■ Work to complete: Once the line with "Pink Beauty Makeup" is found, repeat it and all later lines exactly through the end of the listing below, with the pictures left out.

■ Provided material:
● ● ●

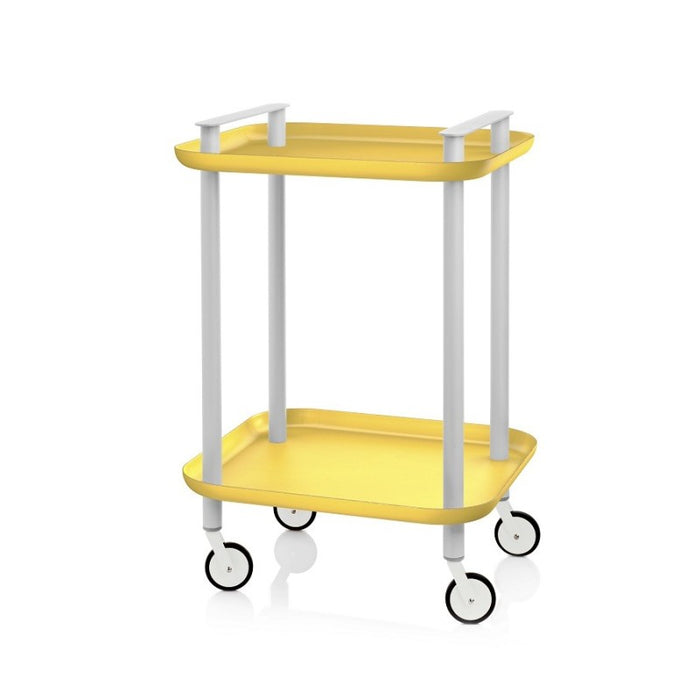 Carrello da cucina 2 DELICA telaio grigio, colore giallo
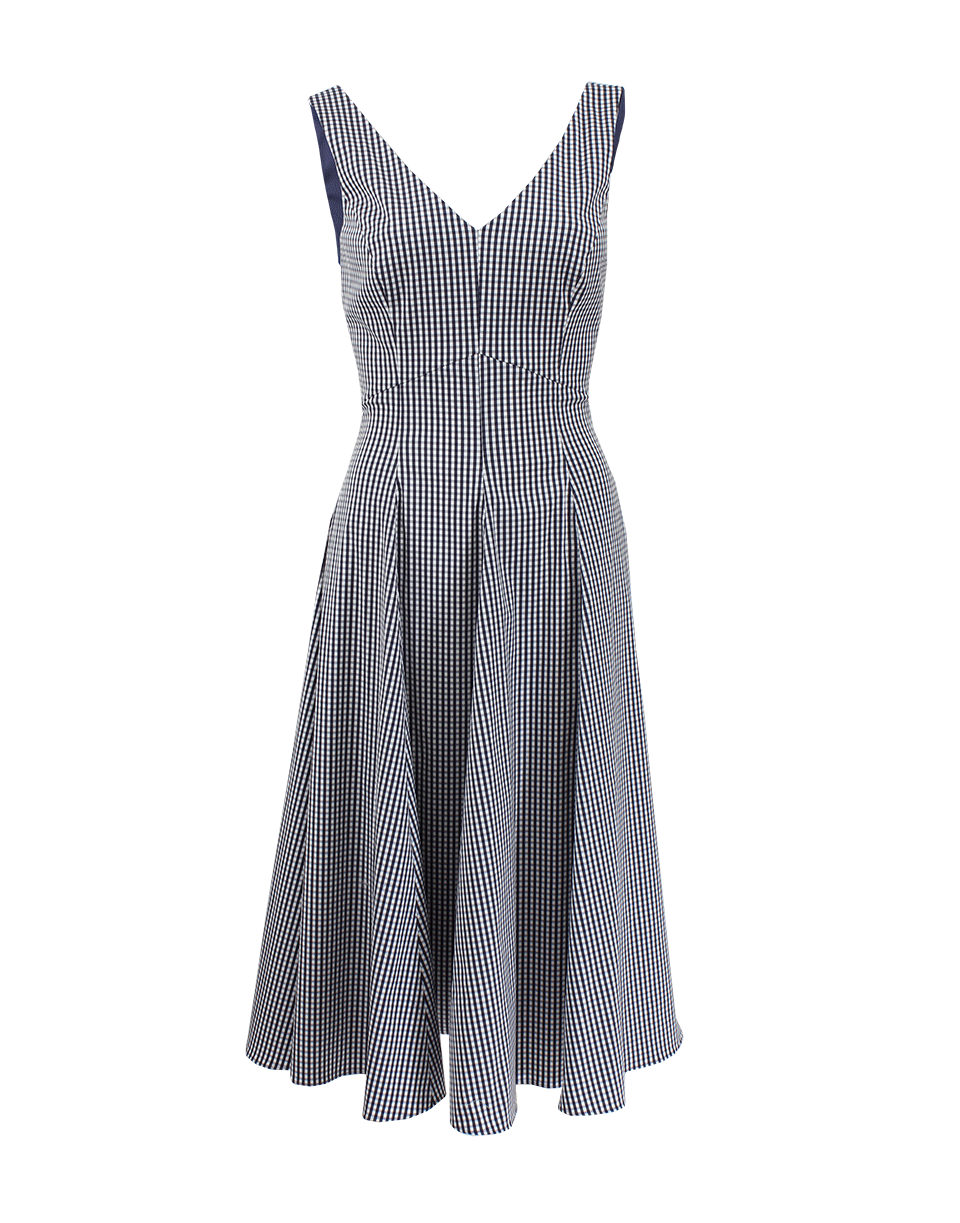 MICHAEL KORS-Gingham Dance Dress-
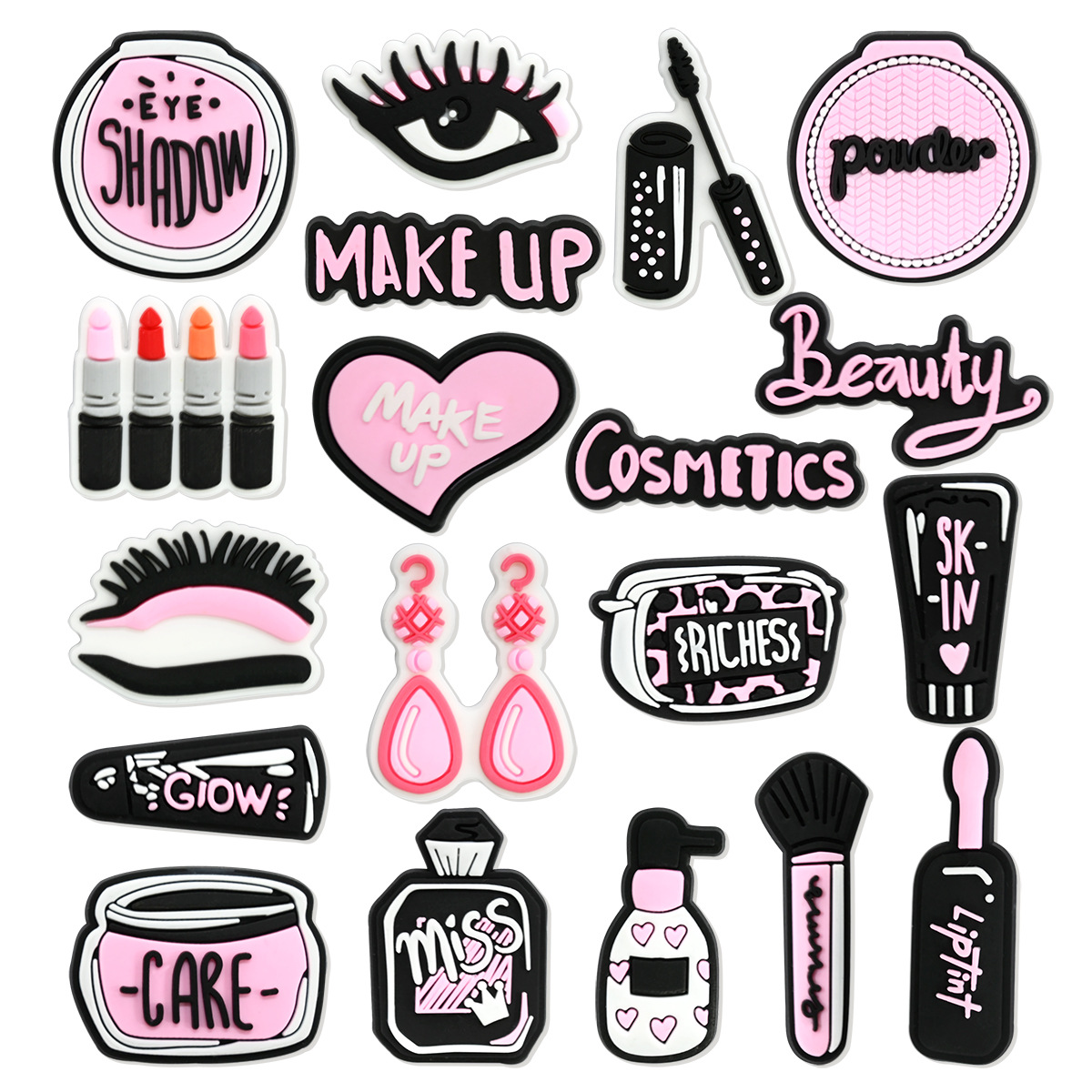 Pink Beauty Makeup Shoe Charms – обзор и цена Women'S Accessories Crocs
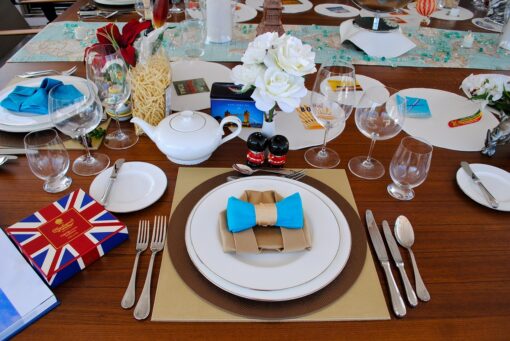 Preparare la tavola stile inglese: un pasto all’insegna dell’eleganza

● ● ●

■ Answer to this problem:
 Pink Beauty Makeup Shoe Charms – обзор и цена Women'S Accessories Crocs
 Preparare la tavola stile inglese: un pasto all’insegna dell’eleganza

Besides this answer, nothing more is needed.